Wavelet Packet Transform Class ( wpt ) and Functions

wt Initialization

wpt_object wpt_init(wave,N,J);


// wave - Wavelet object created using wave_object
// N - Length of Signal/Time Series
// J - Decomposition Levels

Wavelet Packet Transform Execution

dwpt(wt, inp); // Discrete Wavelet Packet Transform

// obj - wpt object
// inp – Input signal/ Time series of length N


Inverse Wavelet Packet Transform Execution

idwpt(wt, dwtop); // Inverse Discrete Wavelet Packet Transform
// obj - wtree object
// dwtop – DWPT output


wt Object Parameters

wave_object wave; // wavelet object
int siglength;// Length of the original signal.
int outlength;// Length of the output DWT vector
int J; // Number of decomposition Levels
int MaxIter;// Maximum Iterations J <= MaxIter
char ext[10];// Type of Extension used - "per" or "sym". 
char entropy[20];// One of four values “shannon” (default), “threshold”, “norm” and “logenergy”. These values can be set using setDWPTEntropy().
int nodes; // number of nodes retained by the Best Basis Search algorithm
int *nodeindex;// Index of retained nodes.
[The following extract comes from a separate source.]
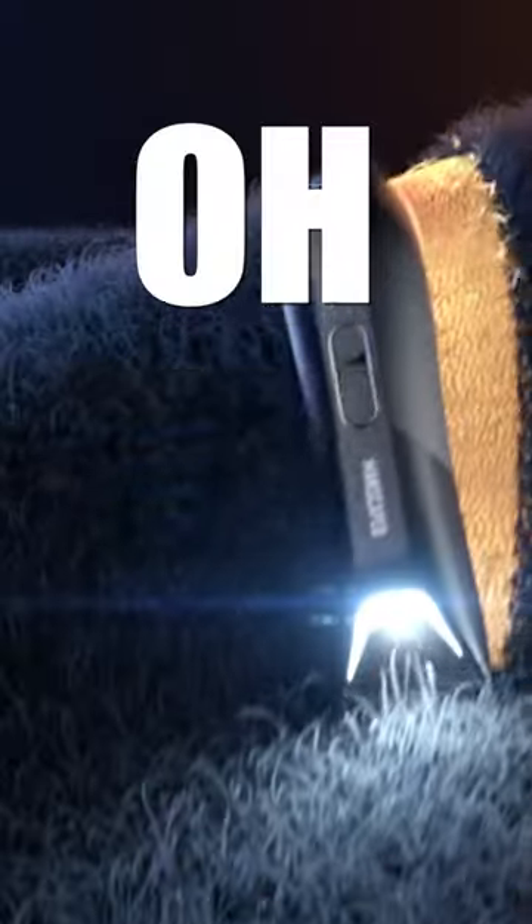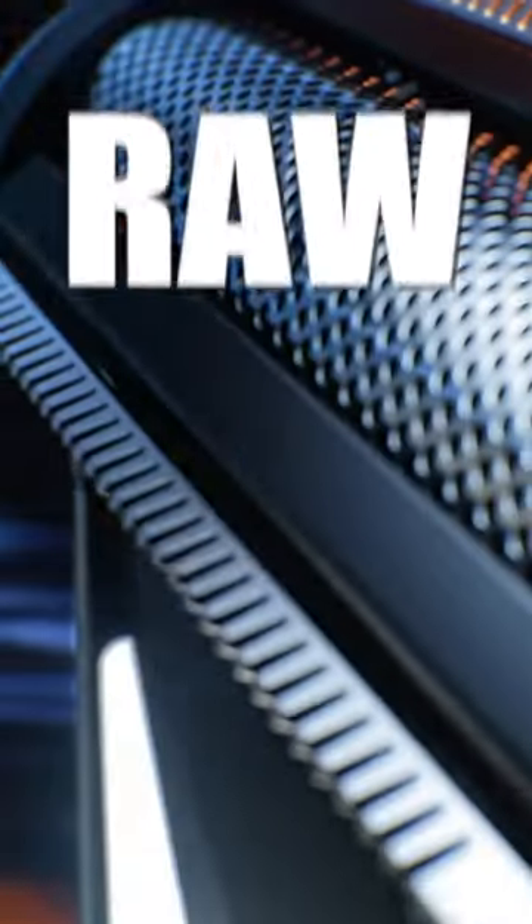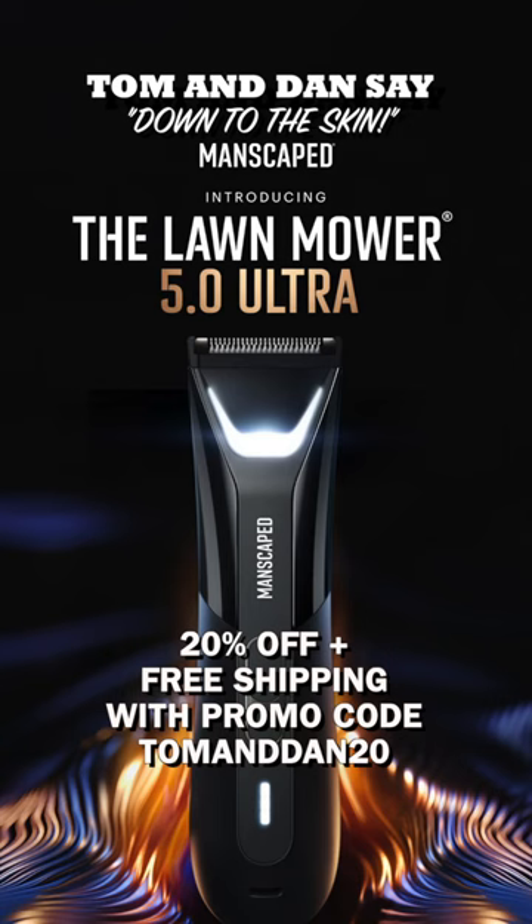Oh baby, I like it! It can go down to the skin. This one's got a foil blade, so if you want to take it all the way, it can do that.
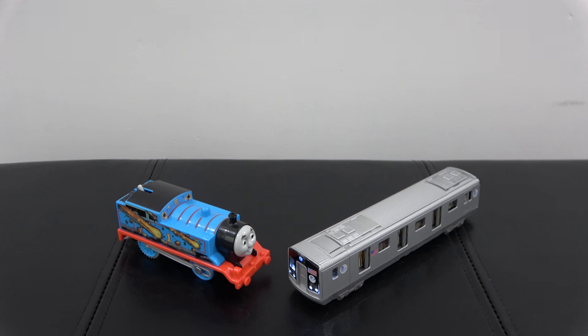Attention Platform 1. Train to Central is approaching. Please stand clear of the platform edge.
The length of this vector is 2 * wt->nodes. See the example below. wt->nodes = 3 , the nodeindex vector is [2,0,2,1,1,1] where {2,0},{2,1} and {1,1} are the nodes in the pruned tree. 
int *coeflength;// Size J+1 Vector containing lengths of Coefficients at each level. All coefficients at each level have the same length. The first value is the length of the signal (siglength). The last value is the length at the Jth level of decomposition.
double *output; // DWPT Output Vector of size outlength


DWPT Best Basis Search Algorithm

DWPT best basis search algorithm is an entropy based algorithm as described in Ripples in Mathematics: The Discrete Wavelet Transform by Jensen and la Cour-Harbo, Springer Verlag, 2001. The program accepts four entropy options – shannon, threshold, norm and logenergy. These values can be set using setDWPTEntropy function and the default value is “shannon”. This selected entropy is used to calculate the cost function associated with every node and a best basis is selected based on the cost function. Unlike wtree, the wpt object retains only the selected nodes and is a non-redundant transform suitable for compression and denoising applications.

wt Functions

setDWPTExtension(wtree_object wtree, char *extension);// Options "per" and "sym"
int getDWPTNodelength(wtree_object wt, int X);// Returns the length of the coefficients node at the level X of decomposition. 0 < X <= J. All coefficents at each level have the same length. 
void getDWPTCoeffs(wtree_object wt, int X, int Y, double *coeffs, int N);// The function return coefficents coeffs at the node {X,Y} of length N [obtained from getWTREElength(wt,X)] at level X.  0 < X <= J.  0 < Y < 2**J. Also {X,Y} needs to be one of the retained nodes.
void setDWPTEntropy(wpt_object wt, char *entropy, double eparam);//
wpt_summary(wtree_object wt);// Print summary
wpt_free(wtree_object object);// Frees wt object

The coefficient access is exactly the same way as explained in the wtree chapter.